Linear-algebraic bath transformation for simulating complex open quantum systems

TL;DR

This paper introduces a linear algebraic bath transformation that simplifies the simulation of complex open quantum systems by converting the star-bath model into multiple weakly-coupled chains, facilitating practical quantum simulations.

Contribution

A novel linear algebraic bath partition strategy that reduces system-bath coupling and transforms the star-bath into multiple weakly-coupled chains for improved simulation.

Findings

Enables practical quantum simulation of complex open systems.

Reduces system-bath coupling strength effectively.

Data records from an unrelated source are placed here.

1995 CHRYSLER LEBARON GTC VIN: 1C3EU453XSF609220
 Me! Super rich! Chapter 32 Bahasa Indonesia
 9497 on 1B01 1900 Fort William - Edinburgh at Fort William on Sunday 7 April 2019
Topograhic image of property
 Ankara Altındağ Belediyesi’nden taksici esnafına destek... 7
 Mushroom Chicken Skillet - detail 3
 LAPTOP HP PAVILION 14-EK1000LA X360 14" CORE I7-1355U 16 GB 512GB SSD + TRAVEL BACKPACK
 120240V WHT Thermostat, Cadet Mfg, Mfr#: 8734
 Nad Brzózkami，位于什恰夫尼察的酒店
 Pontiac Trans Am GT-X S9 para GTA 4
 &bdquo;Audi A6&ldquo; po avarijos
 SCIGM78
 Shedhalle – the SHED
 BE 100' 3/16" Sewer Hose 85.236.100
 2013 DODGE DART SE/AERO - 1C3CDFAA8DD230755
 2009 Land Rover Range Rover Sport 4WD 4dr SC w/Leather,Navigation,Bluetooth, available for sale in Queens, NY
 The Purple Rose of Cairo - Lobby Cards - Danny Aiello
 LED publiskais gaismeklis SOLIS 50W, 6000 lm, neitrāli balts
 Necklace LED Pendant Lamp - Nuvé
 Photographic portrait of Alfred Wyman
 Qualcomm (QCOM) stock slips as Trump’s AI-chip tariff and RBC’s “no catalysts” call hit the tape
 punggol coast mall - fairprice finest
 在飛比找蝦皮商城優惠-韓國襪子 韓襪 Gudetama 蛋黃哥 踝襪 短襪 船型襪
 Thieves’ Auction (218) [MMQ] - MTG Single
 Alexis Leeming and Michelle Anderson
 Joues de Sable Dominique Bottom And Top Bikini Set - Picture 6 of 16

Transforms star-bath into multiple parallel chains.

Abstract

In studying open quantum systems, the environment is often approximated as a collection of non-interacting harmonic oscillators, a configuration also known as the star-bath model. It is also well known that the star-bath can be transformed into a nearest-neighbor interacting chain of oscillators. The chain-bath model has been widely used in renormalization group approaches. The transformation can be obtained by recursion relations or orthogonal polynomials. Based on a simple linear algebraic approach, we propose a bath partition strategy to reduce the system-bath coupling strength. As a result, the non-interacting star-bath is transformed into a set of weakly-coupled multiple parallel chains. The transformed bath model allows complex problems to be practically implemented on quantum simulators, and it can also be employed in various numerical simulations of open quantum dynamics.